When you spend quality time with your kids, they benefit as you do. Children emerge smarter and readier for the challenges of life, when they’re exposed to the right stimulus. Informational and interactive apps are the most engaging when it comes to stimulating the mind of a young one.
Focus on content that engages and informs
Your kid will enjoy the variety and depth of content if it appears to them in the form of entertainment. That’s how we’ve transferred knowledge over generations, through stories and plays. When apps can make math more fun, kids can focus that much better in school. You can even spark a new interest in a subject if it presented to them in an appealing manner.
This means that subject areas, where the student is weak in, can become more engaging through screened content. Parents can create new found love for tough subjects, when kids can learn freely during playtime.

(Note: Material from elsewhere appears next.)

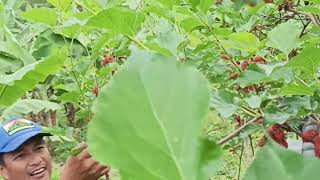 Rainy Morning Mulberry Picking at Luinab Mulberry Hills ..@NaiahYabes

Increased parental control
Apps that are designed to create parental locks and controls work best in these situations. It starts from the schools and all the way to the parents. Apps like PREto3 start early and provide all the necessary information to parents and schools. These apps inform, educate and create a bond through the online medium of mobile. You don’t feel like you’re missing out on the crucial learning state of the child. Parental controls also show you the average time used, or time spent using a certain game or app. This gives you an average estimate as to what the child has been doing with their device throughout the duration.
Balance is key
Research focusing on phycological factors, showed that adolescents are least happy when they spend all their time on-screens. Whether that be a replacement for other issues or a way of distraction, kids can get hooked onto these devices if left unmonitored. Due to the infinite exploration capability of mobile devices, there is a sense of constant attachment to the phone. Kids need to understand the idea of balance from a very young age.
Teaching the importance of value
Value is essential, especially when you’re spending time doing something. Value is derived from the nature of the activity, meaning that wasting time is wasting life. That’s why children need to learn about the idea of value derived from things. An informative hour of math and science has more value than a few hours of mindless video games. However, an hour of social gaming can be beneficial for the young one as they develop social and motor skills early on.
Sleep, nutrition and routine management
Children need a routine, and screen time shouldn’t become a part of one. There should be a healthy balance between eating right, sleeping right and learning right. Mobile devices and screens should not be prioritized over nutrition and sleep. All screens should be put away when the child is eating their meal, along with a strict nap-time and sleeping-time arrangement. Children need to feel empowered about their choices and not forced into doing so. When you focus on nutrition and healthy sleeping habits, their over-reliance on devices fades away. They become more interested in outdoor activities instead.